Hi,
I used the latest ganesha code and ran the following test from a NFSv3
client in a script:
ct=0
while [ $ct -lt 4096 ]; do
flock -x mylock echo 1 >> myfile
let ct=$ct+1
done
After running for 1000+ times the client got error "No locks available"
ganesha.log had the following trace:
ganesha.nfsd-9328[svc_103] nsm_connect :NLM :CRIT :connect to statd
failed: RPC: Unknown protocol
/var/log/messages showed "Too many open files" message. It looks like for
NLM LOCK requests connection to rpc.statd were created but not closed for
NLM UNLOCK request.
After analyzing the code, it seems this happens because for NLM LOCK
request the 'xprt->xp_refcnt' is ref'ed twice. But while handling NLM
UNLOCK request the 'xprt->xp_refcnt' is un-ref'ed only once, and thus
svc_vc_destroy_it() doesn't get called and connection to rpc.statd is not
closed.
More details about the code analysis is below. Can you please check about
this issue ? Thank you. I am not sure why are we incrementing 'xprt->
xp_refcnt' twice in svc_xprt_lookup() ?
For NLM LOCK request the code path is:
--------------------------------------------------------------
nlm4_Lock() -> ...... -> nsm_connect() -> ....... -> makefd_xprt() ->
svc_xprt_lookup()
137 SVCXPRT *
138 svc_xprt_lookup(int fd, svc_xprt_setup_t setup)
139 {
......
......
173 (*setup)(&xprt); /* zalloc, xp_refcnt = 1
*/ --> leads to call to svc_vc_xprt_setup()
174 xprt->xp_fd = fd;
175 xprt->xp_flags = SVC_XPRT_FLAG_INITIAL;
176
177 /* Get ref for caller */
178 SVC_REF(xprt, SVC_REF_FLAG_NONE);
Here, at line 173 function svc_vc_xprt_setup() is called which sets 'xprt->
xp_refcnt = 1'
Then at line 178, SVC_REF increments 'xprt->xp_refcnt' by 1. Thus, when
handling NLM LOCK request 'xprt->xp_refcnt = 2' is set.

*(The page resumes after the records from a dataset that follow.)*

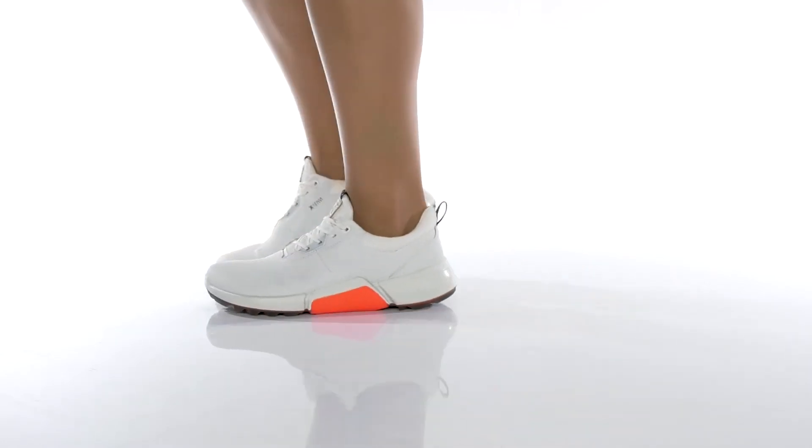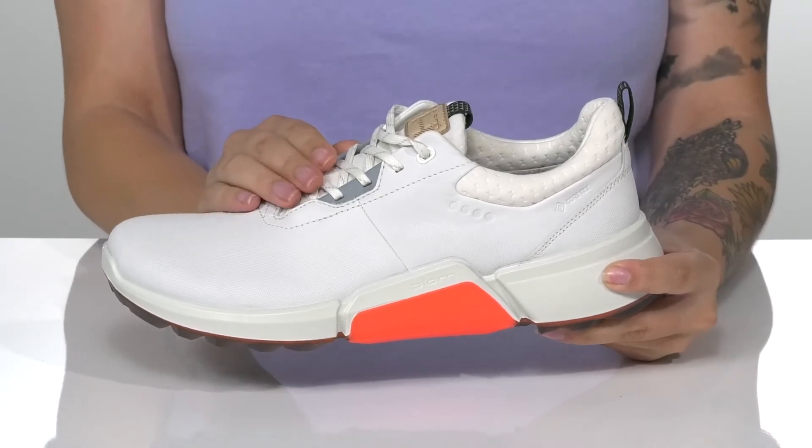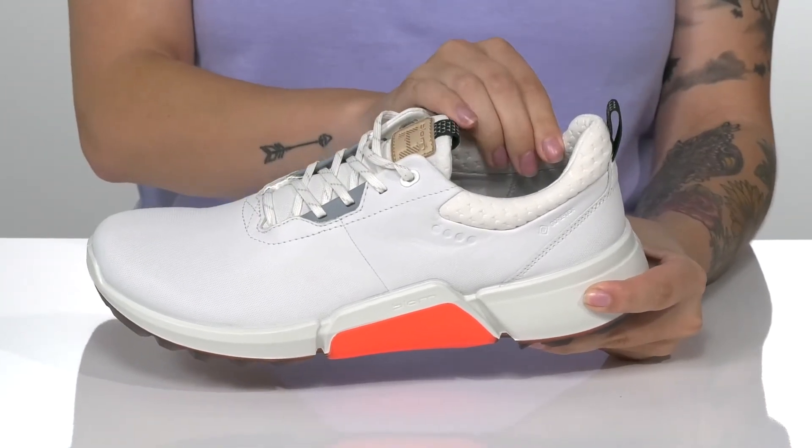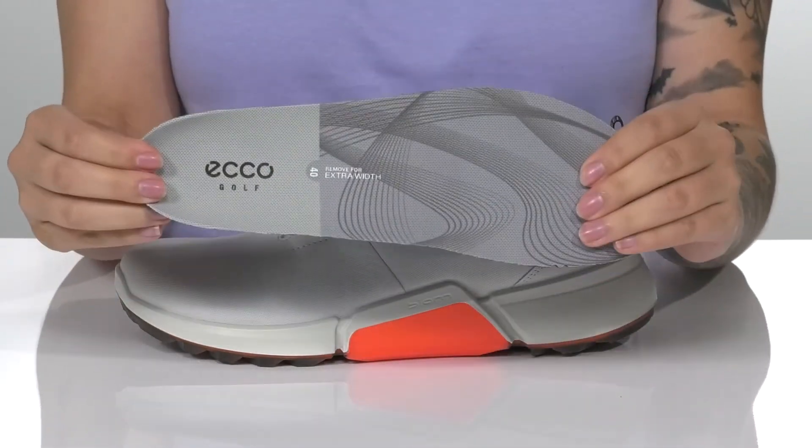This hybrid golf shoe has a leather and textile upper with Gore-Tex Waterproof technology. These have a textile inner lining with a little bit of padding around the collar as well as a removable ortholite insole.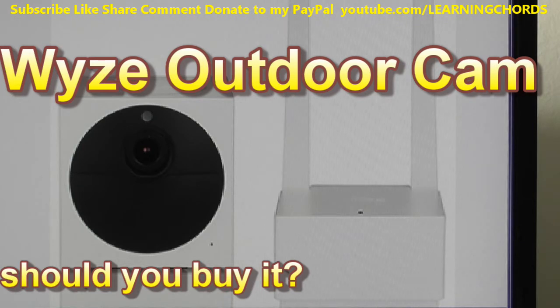The IR lights are noticeable at night but you have to look at the camera to notice them. I posted a comparison video on my channel where you can see the Wyze cam's IR lights turn on — you can see them glow. If you look directly at it at nighttime you'll probably see a little bit of a glow, but that's typical of IR lights.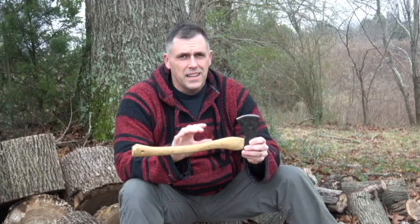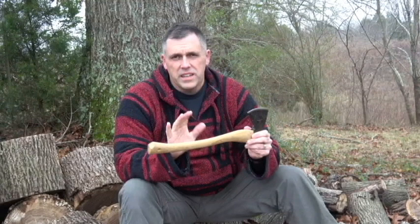It's lightweight, has a three and a half inch cutting edge, and is just a good high-quality piece of equipment. One key thing I like about it too is it's not a two or three hundred dollar hatchet — most places you're going to find this hatchet for somewhere between $55 and $85, depending on where you buy it.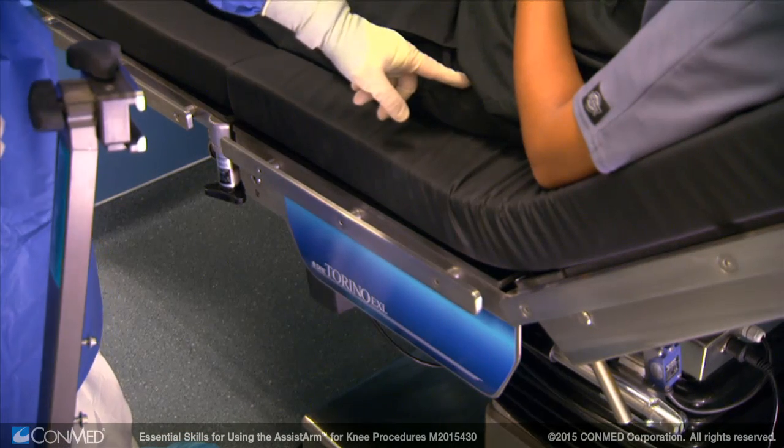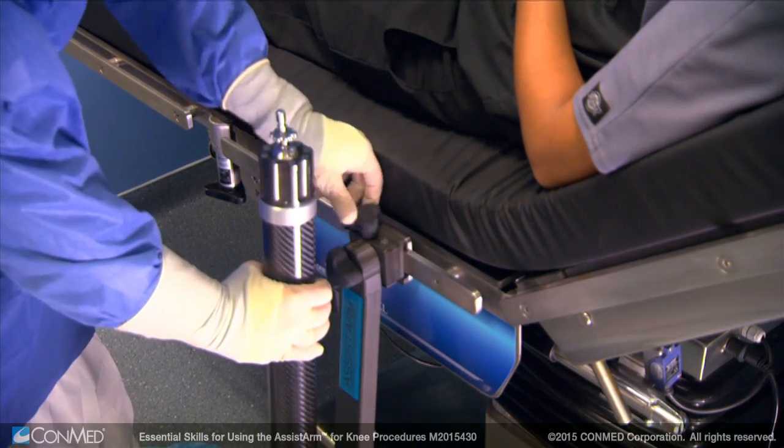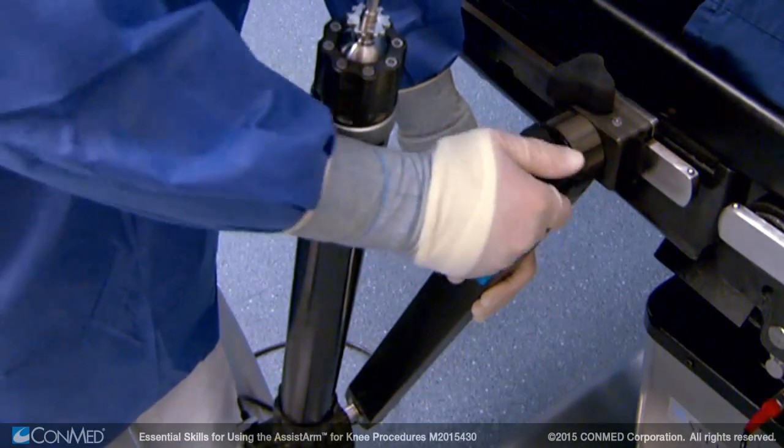To begin, install the Assist Arm on the surgical bed near the patient's hip, with the fixed arm angled towards the patient's feet. You can drape the Assist Arm in two different ways.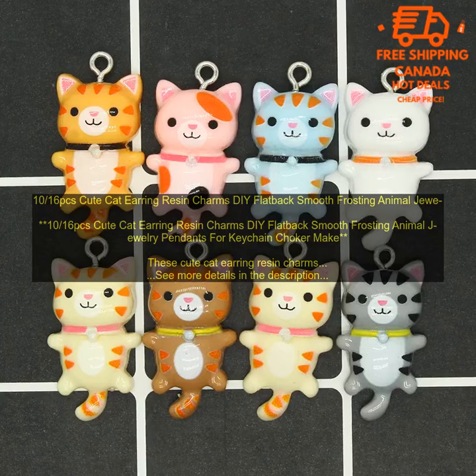Here are some tips for using these cat earring resin charms: Use a pair of tweezers to pick up the charms. Apply a small amount of adhesive to the back of the charm. Attach the charm to the jewelry finding of your choice, and allow the adhesive to dry completely.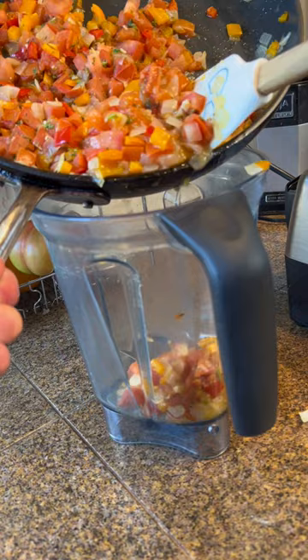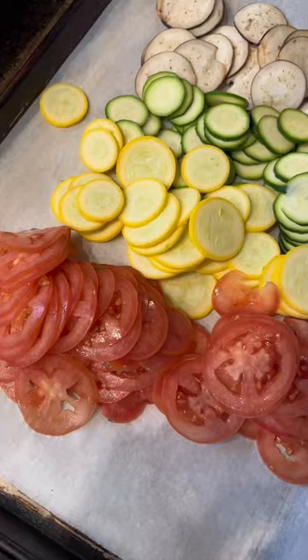Set that aside and prepare the vegetables. We mandolin eggplant, zucchini, squash, and tomatoes very thinly. Make sure to not slice off your finger.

For NLM UNLOCK request the code path is:
-------------------------------------------------------------------
nlm4_Unlock() -> ...... -> nsm_disconnect -> ..... -> clnt_vc_destroy() ->
svc_release_it()
410 static inline void svc_release_it(SVCXPRT *xprt, u_int flags,
411 const char *tag, const int line)
412 {
413 int32_t refs = atomic_dec_int32_t(&xprt->xp_refcnt);
......
......
425 if (likely(refs > 0)) {
426 /* normal case */
427 return;
428 }
429
430 /* enforce once-only semantic, trace others */
431 xp_flags = atomic_postset_uint16_t_bits(&xprt->xp_flags,
432
SVC_XPRT_FLAG_RELEASING);
......
439 /* Releasing last reference */
440 (*(xprt)->xp_ops->xp_destroy)(xprt, flags, tag, line);
Here, at line 413 'xprt->xp_refcnt' gets decremented and becomes
'xprt->
xp_refcnt = 1'.
But as 'xprt->xp_refcnt != 0' the function returns from line 427. And thus
it doesn't proceed with closure of connection.
Thanks,
Madhu Thorat
IBM-India Software Labs, Pune.